The task:
Transcribe the lines exactly, beginning with the one that contains "Aloe vera gel" and ending with the final line of the records. Do not transcribe pictures.

__________________________________________________

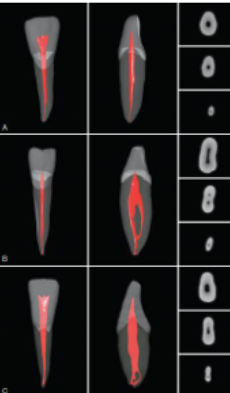 <p>lateral bifurcates more often than central</p>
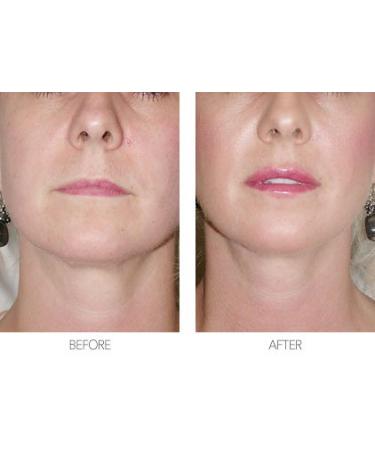 Aloe vera gel for face - Anti-Wrinkle Pills - anti wrinkle supplement (2 Bottles - 120 Capsules) - Buy Online on GoSupps.com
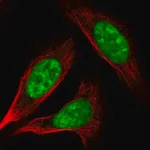 Merck Anti-AK6 antibody produced in rabbit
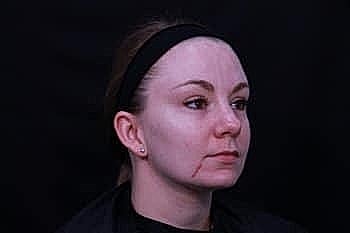 Woman with facial scar against dark background.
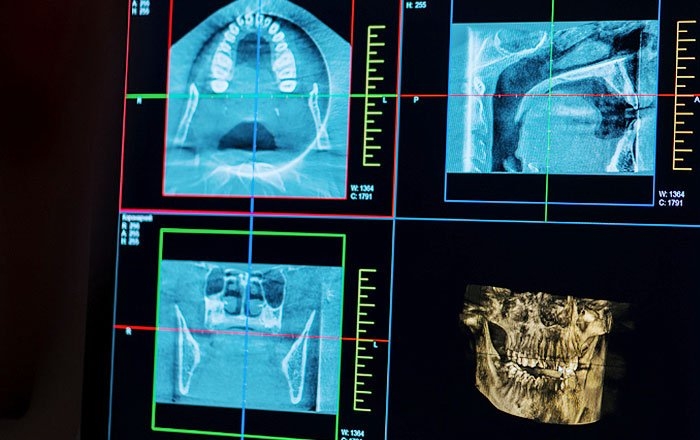 プレシジョンインプラントの特徴：詳細な検査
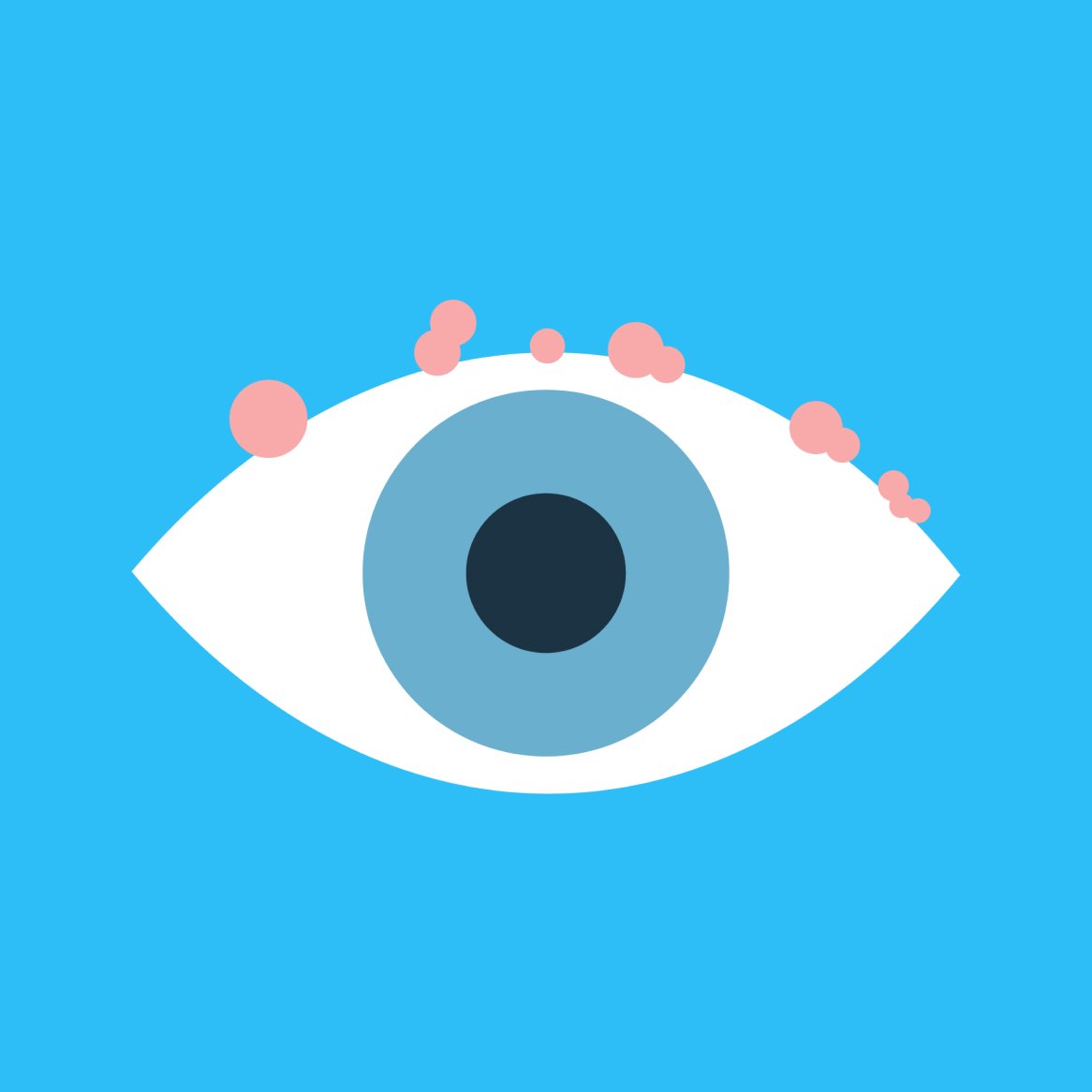 Illustration of an eye with blepharitis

__________________________________________________

Your solution:
 Aloe vera gel for face - Anti-Wrinkle Pills - anti wrinkle supplement (2 Bottles - 120 Capsules) - Buy Online on GoSupps.com
 Merck Anti-AK6 antibody produced in rabbit
 Woman with facial scar against dark background.
 プレシジョンインプラントの特徴：詳細な検査
 Illustration of an eye with blepharitis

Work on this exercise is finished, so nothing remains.